The Canadian Federation of Agriculture is vowing to fight a federal-provincial agreement on regulating agricultural trade within Canada saying it undermines agriculture and marketing boards.
“Our lawyers looked at the text this morning and confirmed that this is not safe for us,” CFA president Laurent Pellerin said from his Quebec farm Oct. 16.
The deal to rewrite and strengthen the agricultural chapter of the 14-year-old Agreement on Internal Trade was made when federal and provincial ministers met Oct. 15 in Whitehorse.
While ministers excluded supply management and provincial marketing boards, they agreed that “technical measures” that disrupt interprovincial trade will be subject to complaints before a trade dispute panel if the Whitehorse deal is approved by Ottawa, 10 provinces and the two northern territories that have signed the AIT. Nunavut has not.
“It constitutes a major improvement over the current chapter as it extends its coverage to all technical measures related to agricultural products,” said the communiqué issued by ministers. “This will further facilitate inter-provincial trade for the benefit of all Canadians including producers and processors.”

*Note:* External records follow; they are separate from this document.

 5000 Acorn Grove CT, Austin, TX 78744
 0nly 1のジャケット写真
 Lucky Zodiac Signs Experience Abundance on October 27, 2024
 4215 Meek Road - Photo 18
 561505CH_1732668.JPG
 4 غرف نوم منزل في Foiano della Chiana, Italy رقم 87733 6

That is not how Pellerin saw it. The deal left him fuming.
He said that CFA lawyers concluded it could leave agriculture vulnerable.
Provincial rules on content requirements, including compositional rules or definitions of required organic content, could be challenged if they block product from provinces where those standards do not apply. “This is dangerous and the implications are not clear.”

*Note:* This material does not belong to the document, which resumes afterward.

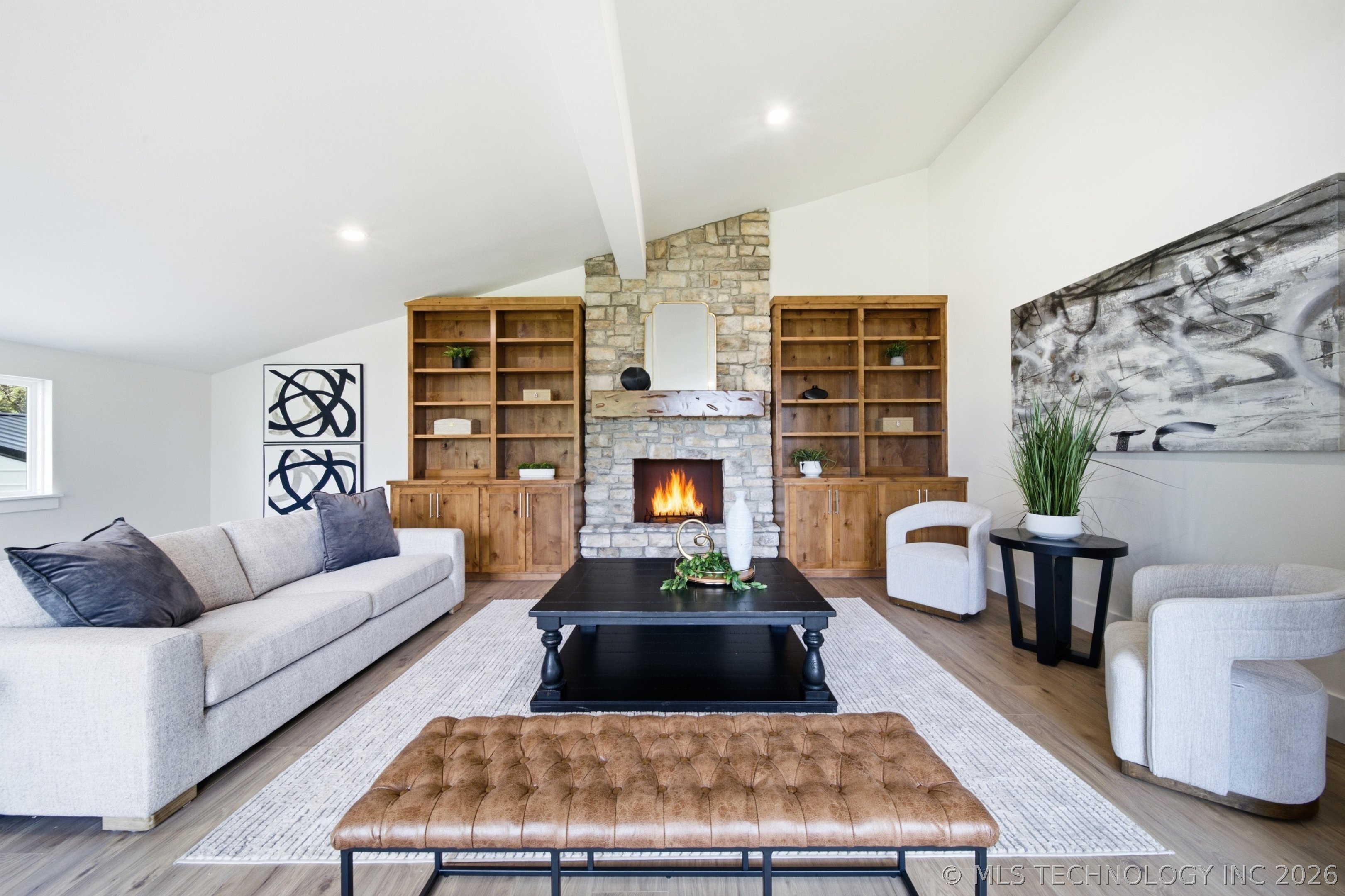 12208 Heywood Hill Road Property Photo 18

Even more infuriating, he said, was the fact that ministers rewrote the agricultural chapter of the AIT without consulting farmers.
The president of the Dairy Processors Association of Canada saw the Whitehorse agreement differently.
Don Jarvis was enthusiastic.
“From a dairy processor point of view, it is very encouraging and positive because this really says everything is on the table,” he said Oct. 16. “Any time there is a disconnect between the trade ideal and provincial regulations can now be challenged. There are many barriers that now can be challenged.”
Pellerin said CFA and its members will lobby federal and provincial ministers not to sign the pact until farmers are consulted and any perceived problems are amended.